The Democratic convention has exceeded the Republicans’ in terms of production values, featuring crisp videos highlighting Clinton’s attributes and Trump’s gaffes preceding speeches by people helped by Clinton and harmed by Trump. Particularly moving were the comments of the daughter of undocumented Mexican immigrants who feared her parents would be deported if Trump wins, the story of a young disabled woman who first met Clinton in 1993 and the testaments of the “Mothers of the Movement” who have lost children to gun violence.

It was also moving to see the genuine passion on the faces of Sanders’ acolytes, many of whom appear to be participating in the political system for the first time. Tears streamed down their faces at the realization that their man had gone all in for Clinton after losing to what he had until recently called a rigged process. It remains to be seen whether they will accept his argument that their best chance of enacting elements of their progressive platform is to get behind Clinton in the fall.

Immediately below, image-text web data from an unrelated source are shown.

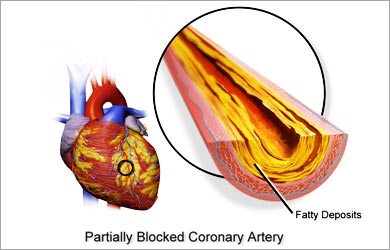Smoking and Cardiovascular Disease: Coronary Heart Disease Smoking and Cardiovascular Disease: Coronary Heart Disease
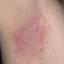 31. Contact Dermatitis in Adults Pictures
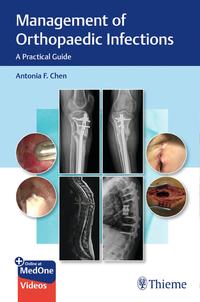 Vorderes Coverbild Management of Orthopaedic Infections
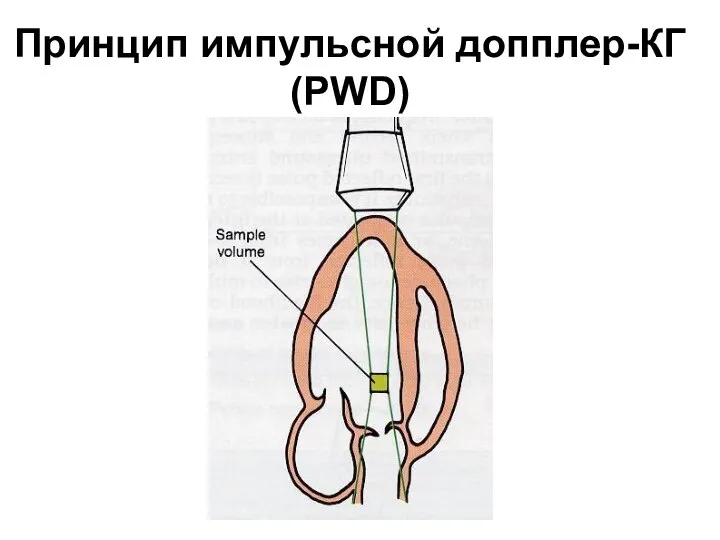 Принцип импульсной допплер-КГ (PWD)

Trump, as usual, took to Twitter to disparage the Democrats and appeal to Sanders supporters by stressing his opposition to  trade agreements. He said Sanders looked “exhausted” and that former president Bill Clinton, who gave the ultimate testimonial to his wife’s career, was “highly overrated.”

In public appearances and interviews, the real estate tycoon and reality television star has continued to double down on controversial policies, including expanding a proposed ban on immigration to European allies such as France because of terrorism afflicting those nations.

The world is indeed a scary place as hideous new attacks on innocent civilians in France and Germany show. There is a global temptation to put up walls and support tough-sounding politicians who offer simplistic solutions.

The foreign visitors suggested that Americans, as citizens of the world’s biggest military power, have a special responsibility to carefully consider their choice for president because more than the stability of their own country is at stake.

“We have to find a third way between uncontrolled globalization and isolation,” Esther de Lange, vice president of the European People’s Party group in the European Parliament, told this analyst.

“The US voice is very important in the world for human rights and protecting democracy,” added Qatar’s ambassador to the United States, Mohammed Jaham Al Kuwari. “If it is weaker here, it will reflect itself in other parts of the world.”

Barbara Slavin is Acting Director of the Future of Iran Initiative at the Atlantic Council in Washington.